PROBLEM TO SOLVE: List each line of the data that holds the string "para".

LISTED ENTRIES:
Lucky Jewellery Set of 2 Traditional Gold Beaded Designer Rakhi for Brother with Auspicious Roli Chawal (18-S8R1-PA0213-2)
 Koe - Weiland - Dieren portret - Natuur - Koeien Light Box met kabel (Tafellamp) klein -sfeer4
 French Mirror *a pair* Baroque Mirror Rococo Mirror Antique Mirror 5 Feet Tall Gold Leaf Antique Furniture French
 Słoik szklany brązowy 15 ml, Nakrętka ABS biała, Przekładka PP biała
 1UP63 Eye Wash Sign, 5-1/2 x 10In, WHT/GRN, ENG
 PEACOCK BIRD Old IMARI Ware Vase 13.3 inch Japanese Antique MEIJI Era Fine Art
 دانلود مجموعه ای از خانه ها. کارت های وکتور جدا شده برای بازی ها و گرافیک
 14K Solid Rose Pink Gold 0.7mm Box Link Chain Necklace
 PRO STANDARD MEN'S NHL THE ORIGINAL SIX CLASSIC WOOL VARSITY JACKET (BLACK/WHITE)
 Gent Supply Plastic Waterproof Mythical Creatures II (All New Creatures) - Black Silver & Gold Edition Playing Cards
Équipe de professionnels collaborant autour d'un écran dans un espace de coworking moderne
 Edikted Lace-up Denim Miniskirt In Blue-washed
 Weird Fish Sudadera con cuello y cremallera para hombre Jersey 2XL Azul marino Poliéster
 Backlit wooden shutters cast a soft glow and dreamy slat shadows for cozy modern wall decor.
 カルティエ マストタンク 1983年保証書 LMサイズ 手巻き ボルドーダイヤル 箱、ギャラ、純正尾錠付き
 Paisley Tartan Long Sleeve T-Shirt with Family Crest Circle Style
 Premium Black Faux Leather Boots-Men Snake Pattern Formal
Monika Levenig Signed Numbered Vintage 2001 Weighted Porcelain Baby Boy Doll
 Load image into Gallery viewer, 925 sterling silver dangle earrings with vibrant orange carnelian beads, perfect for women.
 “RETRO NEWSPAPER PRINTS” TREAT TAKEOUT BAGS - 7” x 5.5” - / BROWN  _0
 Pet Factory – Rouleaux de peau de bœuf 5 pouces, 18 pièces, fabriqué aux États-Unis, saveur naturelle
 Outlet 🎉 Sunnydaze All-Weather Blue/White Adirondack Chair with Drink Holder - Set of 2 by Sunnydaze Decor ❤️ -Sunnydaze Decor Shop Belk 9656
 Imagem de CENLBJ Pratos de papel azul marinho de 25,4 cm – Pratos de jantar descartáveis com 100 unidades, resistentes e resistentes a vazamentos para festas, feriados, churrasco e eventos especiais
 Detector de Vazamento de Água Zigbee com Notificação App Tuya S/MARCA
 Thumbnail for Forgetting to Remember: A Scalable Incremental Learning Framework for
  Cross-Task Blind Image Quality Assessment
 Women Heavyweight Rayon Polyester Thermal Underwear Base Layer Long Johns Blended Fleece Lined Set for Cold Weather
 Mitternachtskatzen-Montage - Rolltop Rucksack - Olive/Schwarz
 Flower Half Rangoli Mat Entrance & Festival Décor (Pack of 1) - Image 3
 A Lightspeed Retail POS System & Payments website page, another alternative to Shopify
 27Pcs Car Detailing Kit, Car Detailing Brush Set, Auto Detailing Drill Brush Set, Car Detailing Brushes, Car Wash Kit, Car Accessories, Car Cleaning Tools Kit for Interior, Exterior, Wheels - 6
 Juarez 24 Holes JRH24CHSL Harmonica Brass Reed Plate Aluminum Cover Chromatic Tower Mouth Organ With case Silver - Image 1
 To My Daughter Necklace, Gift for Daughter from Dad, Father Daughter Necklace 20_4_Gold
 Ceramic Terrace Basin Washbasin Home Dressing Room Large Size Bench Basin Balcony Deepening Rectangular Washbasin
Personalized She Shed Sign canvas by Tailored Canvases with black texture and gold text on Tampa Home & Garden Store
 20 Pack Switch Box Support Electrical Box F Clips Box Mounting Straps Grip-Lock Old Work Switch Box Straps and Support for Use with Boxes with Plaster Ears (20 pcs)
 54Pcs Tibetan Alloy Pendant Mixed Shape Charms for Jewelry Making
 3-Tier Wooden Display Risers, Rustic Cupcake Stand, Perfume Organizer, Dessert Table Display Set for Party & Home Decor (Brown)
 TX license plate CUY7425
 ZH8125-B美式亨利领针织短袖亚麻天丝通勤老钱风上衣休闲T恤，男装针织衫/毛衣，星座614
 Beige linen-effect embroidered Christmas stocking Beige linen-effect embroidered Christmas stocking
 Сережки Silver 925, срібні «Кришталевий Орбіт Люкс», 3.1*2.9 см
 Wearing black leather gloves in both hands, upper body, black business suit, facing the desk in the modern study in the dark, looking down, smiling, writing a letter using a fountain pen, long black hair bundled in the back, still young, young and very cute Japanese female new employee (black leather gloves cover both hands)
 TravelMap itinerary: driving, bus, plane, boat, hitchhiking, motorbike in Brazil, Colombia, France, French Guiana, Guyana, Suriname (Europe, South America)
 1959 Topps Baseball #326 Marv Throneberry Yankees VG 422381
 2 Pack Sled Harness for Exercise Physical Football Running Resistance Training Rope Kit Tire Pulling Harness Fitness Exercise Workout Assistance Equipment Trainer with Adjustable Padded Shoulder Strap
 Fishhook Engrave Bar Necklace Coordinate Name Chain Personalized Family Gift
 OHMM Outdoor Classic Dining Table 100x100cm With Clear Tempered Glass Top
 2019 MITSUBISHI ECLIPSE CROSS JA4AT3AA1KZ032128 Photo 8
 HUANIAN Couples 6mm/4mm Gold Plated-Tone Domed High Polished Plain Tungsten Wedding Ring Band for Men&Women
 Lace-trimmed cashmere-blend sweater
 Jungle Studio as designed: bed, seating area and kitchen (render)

SOLUTION TO THIS TASK:
 Weird Fish Sudadera con cuello y cremallera para hombre Jersey 2XL Azul marino Poliéster
 Imagem de CENLBJ Pratos de papel azul marinho de 25,4 cm – Pratos de jantar descartáveis com 100 unidades, resistentes e resistentes a vazamentos para festas, feriados, churrasco e eventos especiais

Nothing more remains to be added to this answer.